» PROMPT
From the first line to the last, copy the data exactly and drop the pictures.

» INPUT DATA
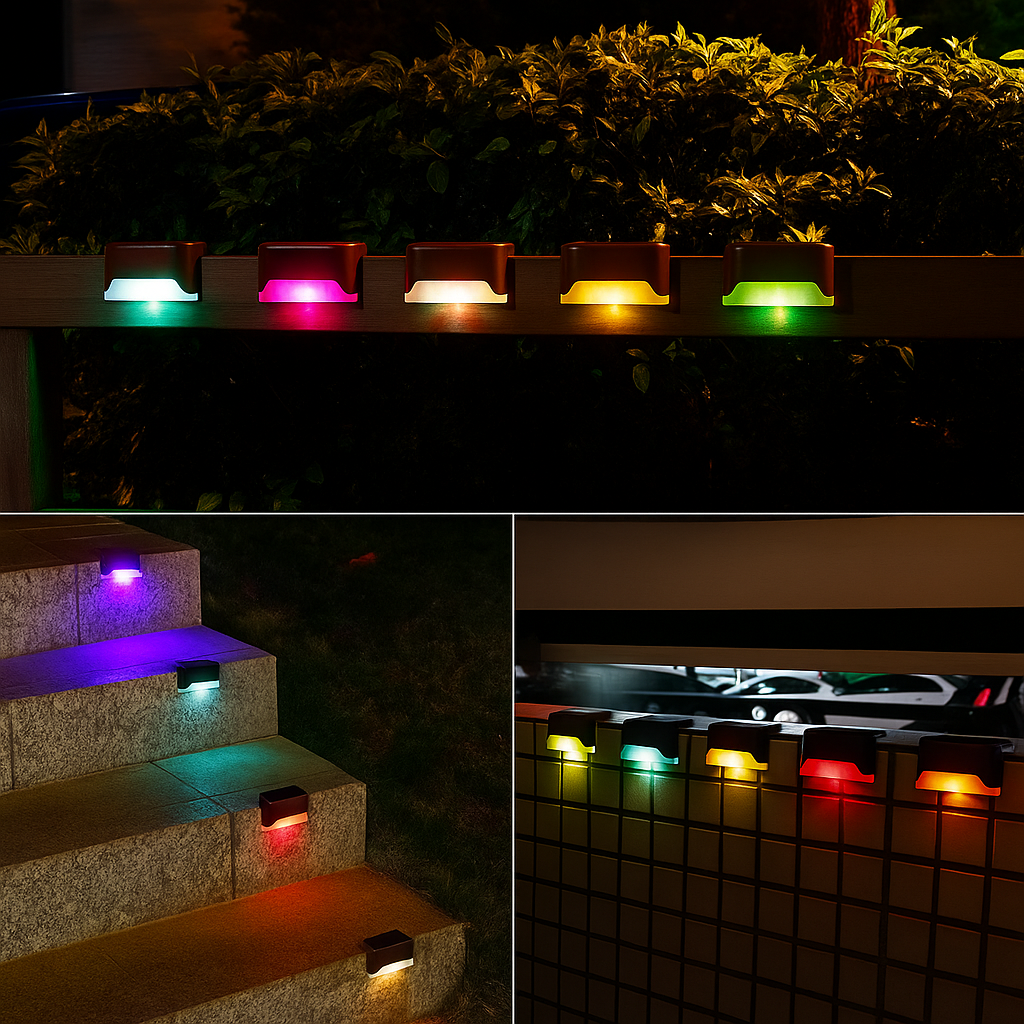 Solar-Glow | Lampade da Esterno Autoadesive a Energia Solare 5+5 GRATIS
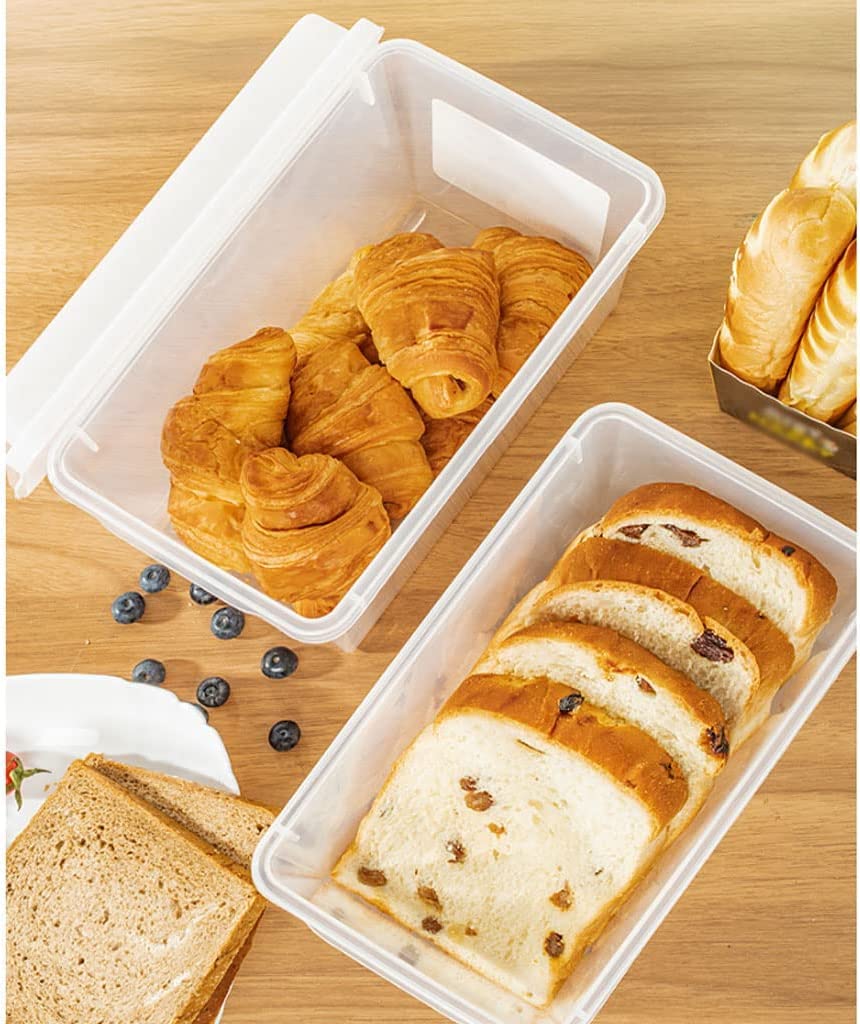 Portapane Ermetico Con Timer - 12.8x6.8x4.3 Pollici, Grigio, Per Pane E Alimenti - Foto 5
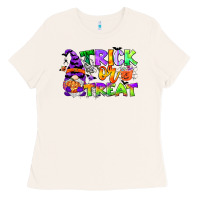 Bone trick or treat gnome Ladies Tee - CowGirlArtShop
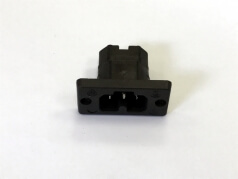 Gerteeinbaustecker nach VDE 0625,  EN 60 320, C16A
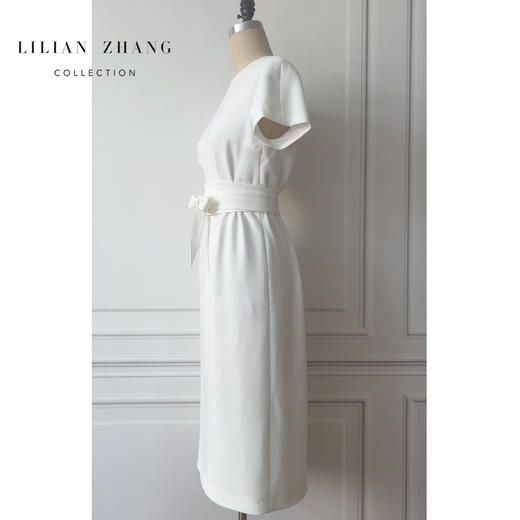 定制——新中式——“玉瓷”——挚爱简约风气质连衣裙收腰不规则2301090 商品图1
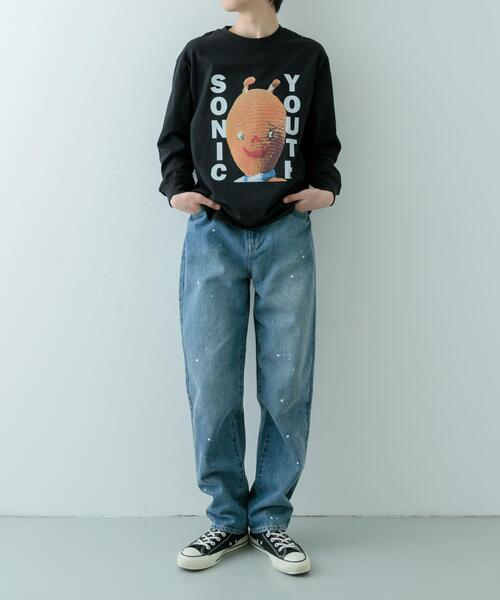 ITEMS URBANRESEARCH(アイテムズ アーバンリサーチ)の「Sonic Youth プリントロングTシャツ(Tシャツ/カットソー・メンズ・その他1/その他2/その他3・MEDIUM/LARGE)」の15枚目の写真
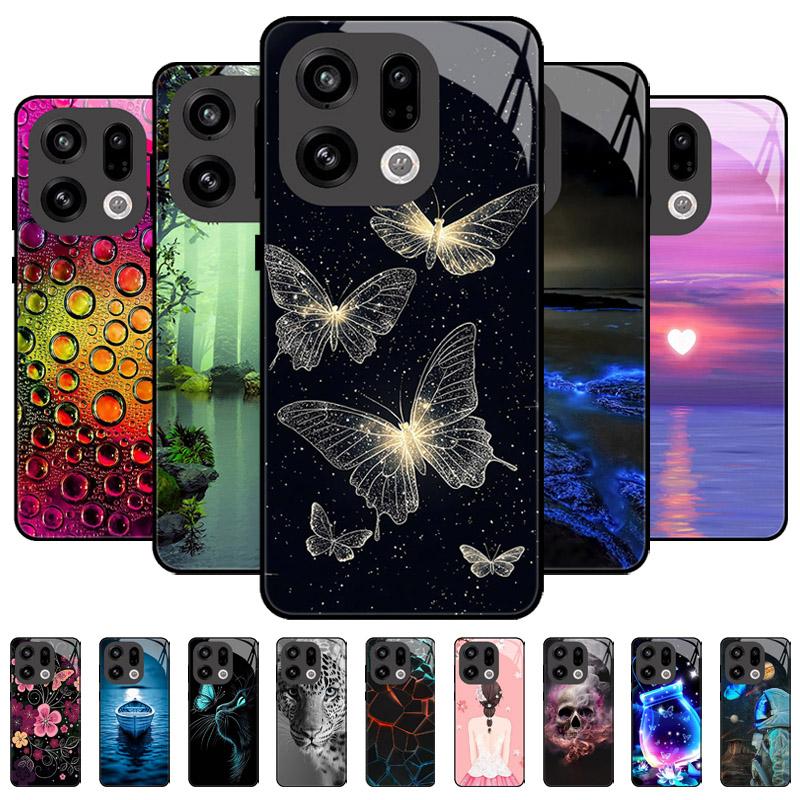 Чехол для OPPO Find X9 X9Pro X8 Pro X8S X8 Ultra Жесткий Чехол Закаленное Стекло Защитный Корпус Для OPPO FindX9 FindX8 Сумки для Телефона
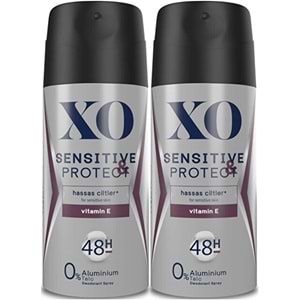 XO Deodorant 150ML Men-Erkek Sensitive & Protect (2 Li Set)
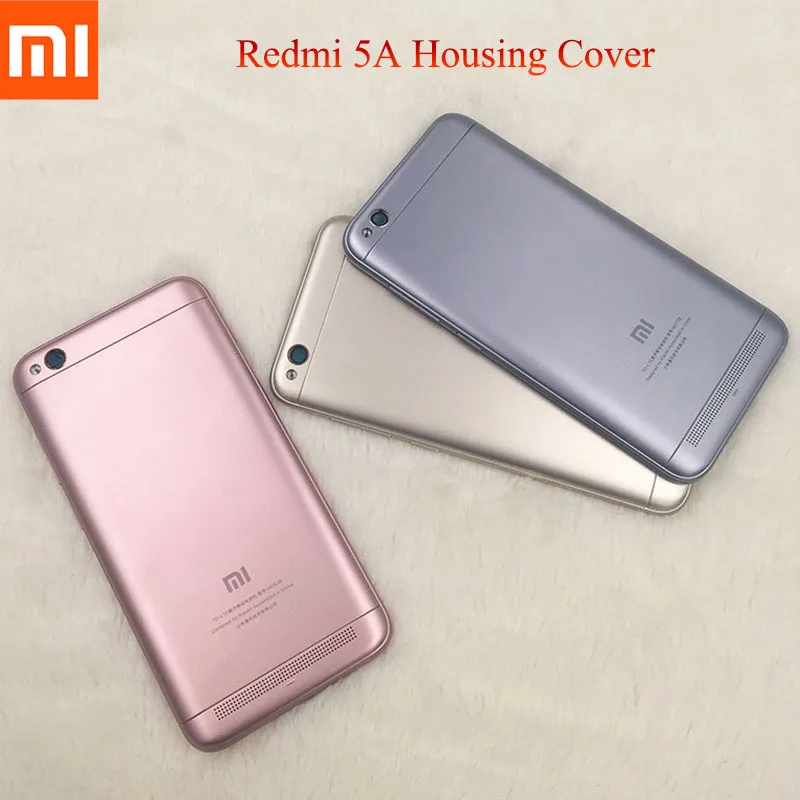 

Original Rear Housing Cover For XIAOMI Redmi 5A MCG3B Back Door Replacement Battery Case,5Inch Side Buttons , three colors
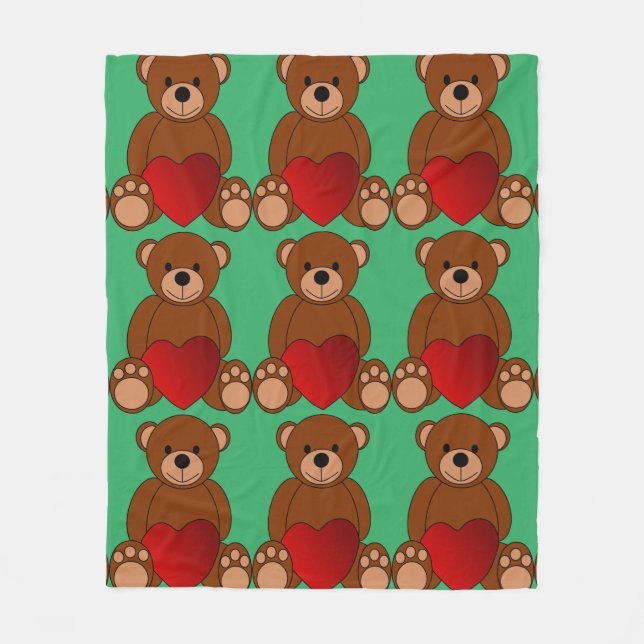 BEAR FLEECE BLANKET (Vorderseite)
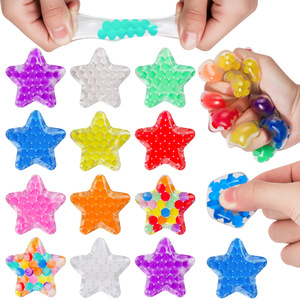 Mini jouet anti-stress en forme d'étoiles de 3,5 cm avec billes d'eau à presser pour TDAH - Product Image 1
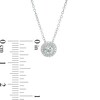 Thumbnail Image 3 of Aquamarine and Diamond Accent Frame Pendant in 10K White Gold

» SOLUTION TO THIS PROBLEM
 Solar-Glow | Lampade da Esterno Autoadesive a Energia Solare 5+5 GRATIS
 Portapane Ermetico Con Timer - 12.8x6.8x4.3 Pollici, Grigio, Per Pane E Alimenti - Foto 5
 Bone trick or treat gnome Ladies Tee - CowGirlArtShop
 Gerteeinbaustecker nach VDE 0625,  EN 60 320, C16A
 定制——新中式——“玉瓷”——挚爱简约风气质连衣裙收腰不规则2301090 商品图1
 ITEMS URBANRESEARCH(アイテムズ アーバンリサーチ)の「Sonic Youth プリントロングTシャツ(Tシャツ/カットソー・メンズ・その他1/その他2/その他3・MEDIUM/LARGE)」の15枚目の写真
 Чехол для OPPO Find X9 X9Pro X8 Pro X8S X8 Ultra Жесткий Чехол Закаленное Стекло Защитный Корпус Для OPPO FindX9 FindX8 Сумки для Телефона
 XO Deodorant 150ML Men-Erkek Sensitive & Protect (2 Li Set)

Original Rear Housing Cover For XIAOMI Redmi 5A MCG3B Back Door Replacement Battery Case,5Inch Side Buttons , three colors
 BEAR FLEECE BLANKET (Vorderseite)
 Mini jouet anti-stress en forme d'étoiles de 3,5 cm avec billes d'eau à presser pour TDAH - Product Image 1
 Thumbnail Image 3 of Aquamarine and Diamond Accent Frame Pendant in 10K White Gold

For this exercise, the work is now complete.